In this manuscript, we report the protocol for a simple and robust tandem mass spectrometry-based method for the quantification of frequently used antibiotics in ICU19, namely cefepime, meropenem, ciprofloxacin, moxifloxacin, linezolid, and piperacillin14. A spreadsheet accompanies the manuscript for the preparation of antibiotic stock solutions, calibrators, and quality controls, taking into account the purity of the antibiotics and the molecular weight of their counterion...

Although antibiotics have revolutionized the practice of medicine, severe bacterial infections remain a leading cause of morbidity and mortality in critical illnesses1. In this regard, the prompt administration of a suitable anti-infective in an adequate dosage is of the uppermost importance for disease control2.
A growing body of evidence demonstrates that the empirical treatment with broad-spectrum antibiotics is becoming increasingly problematic with the complexity of patient populations. This is especially true for intensive care units (ICU), where a tremendous inter-individual variability of key pharmacokinetic (PK) parameters is frequently observed3,4. Accordingly, ICU patients are at imminent risk of sub-therapeutic levels with the danger of an insufficient therapeutic success5,6. Then again, patients are unnecessarily exposed to excessively high antibiotic concentrations that may result in serious adverse events with no clinical benefits7. Both the antibiotic misuse and the insufficient dosing have also fueled the dissemination of antibiotic resistance, which is becoming an ever-growing threat to public health8.
To improve the use of antibiotics and to preserve their effectivenessas long as possible, the World Health Organization has launched a global action plan on antimicrobial resistance in 20159. Antibiotic stewardship programs constitute an essential cornerstone of prudent antimicrobial use in national public health strategies10, helping clinicians to improve the quality of patient care11 and, at the same time, significantly reducing the antibiotic resistance12. Antimicrobial dosing in individual patients through the application of therapeutic drug monitoring (TDM) is a key instrument in this context13.

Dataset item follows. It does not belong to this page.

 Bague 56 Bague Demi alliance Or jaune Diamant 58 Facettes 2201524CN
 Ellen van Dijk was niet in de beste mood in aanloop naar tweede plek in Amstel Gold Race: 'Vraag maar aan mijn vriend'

To date, commercially available TDM assays are only available for the glycopeptide antibiotics and aminoglycosides. The quantification of substances from other classes commonly requires an in-house method development or validation that can be cumbersome. We, therefore, present in detail the protocol for a robust mass spectrometry-based assay that can be used for the quantification of the most relevant antibiotics in ICU within their clinical relevant concentration ranges14. The method was recently established in our mass spectrometry facility and has been applied for the routine TDM in ICU since then. The procedure uses a straightforward and simple analytical setting with a uniform sample cleanup, allowing for the rapid implementation of antibiotic TDM in many facilities with mass spectrometry capabilities.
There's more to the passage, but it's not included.